INPUT |
------------------------------------------------------------
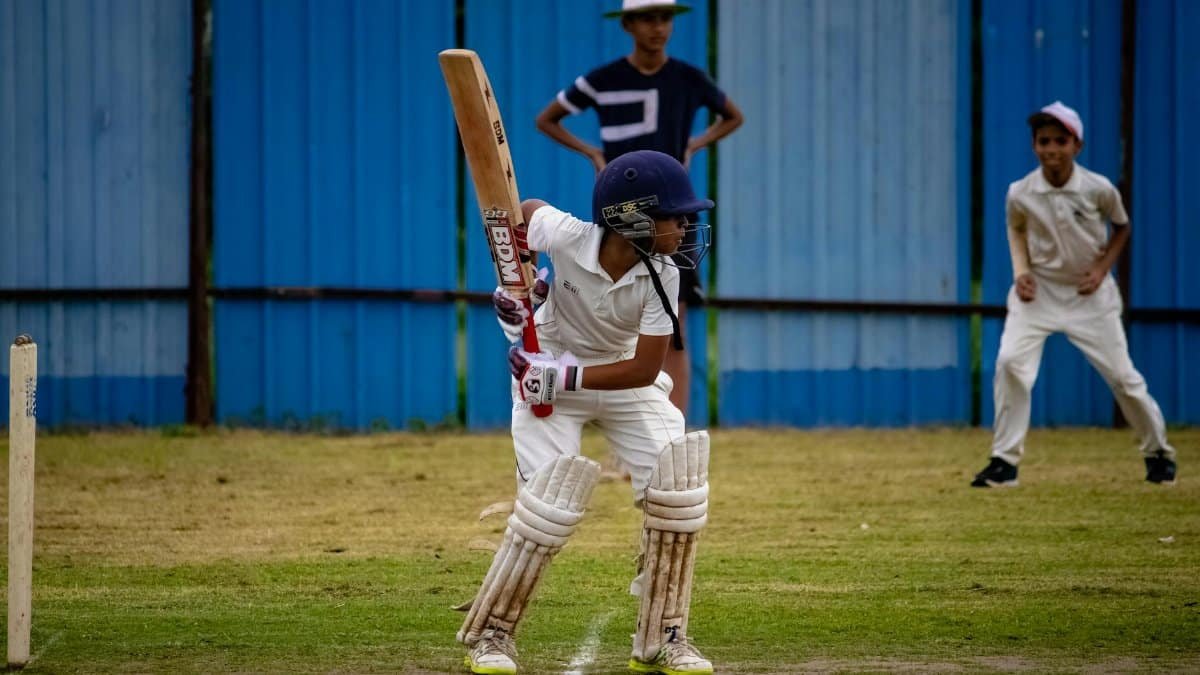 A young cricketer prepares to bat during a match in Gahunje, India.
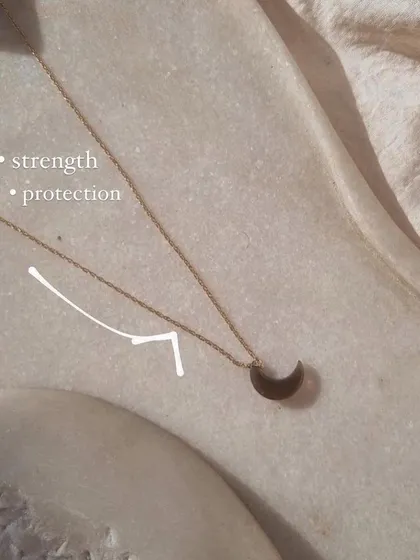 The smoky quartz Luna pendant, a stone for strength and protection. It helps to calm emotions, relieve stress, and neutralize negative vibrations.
------------------------------------------------------------
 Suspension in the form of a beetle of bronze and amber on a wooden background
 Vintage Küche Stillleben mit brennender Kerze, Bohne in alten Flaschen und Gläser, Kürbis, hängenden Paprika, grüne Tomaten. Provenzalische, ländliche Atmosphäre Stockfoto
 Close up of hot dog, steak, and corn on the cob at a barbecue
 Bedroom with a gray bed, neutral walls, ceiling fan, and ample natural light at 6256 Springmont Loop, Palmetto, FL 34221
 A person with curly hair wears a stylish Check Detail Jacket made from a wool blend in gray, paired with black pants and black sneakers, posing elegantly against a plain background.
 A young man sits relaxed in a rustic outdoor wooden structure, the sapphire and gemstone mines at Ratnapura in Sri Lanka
------------------------------------------------------------
WHAT TO WORK ON | Out of the data above, set down the lines from the one with "Suspension in the" to the one with "A young man", both included, exactly as written and with no additions.

RESPONSE BELOW |
 Suspension in the form of a beetle of bronze and amber on a wooden background
 Vintage Küche Stillleben mit brennender Kerze, Bohne in alten Flaschen und Gläser, Kürbis, hängenden Paprika, grüne Tomaten. Provenzalische, ländliche Atmosphäre Stockfoto
 Close up of hot dog, steak, and corn on the cob at a barbecue
 Bedroom with a gray bed, neutral walls, ceiling fan, and ample natural light at 6256 Springmont Loop, Palmetto, FL 34221
 A person with curly hair wears a stylish Check Detail Jacket made from a wool blend in gray, paired with black pants and black sneakers, posing elegantly against a plain background.
 A young man sits relaxed in a rustic outdoor wooden structure, the sapphire and gemstone mines at Ratnapura in Sri Lanka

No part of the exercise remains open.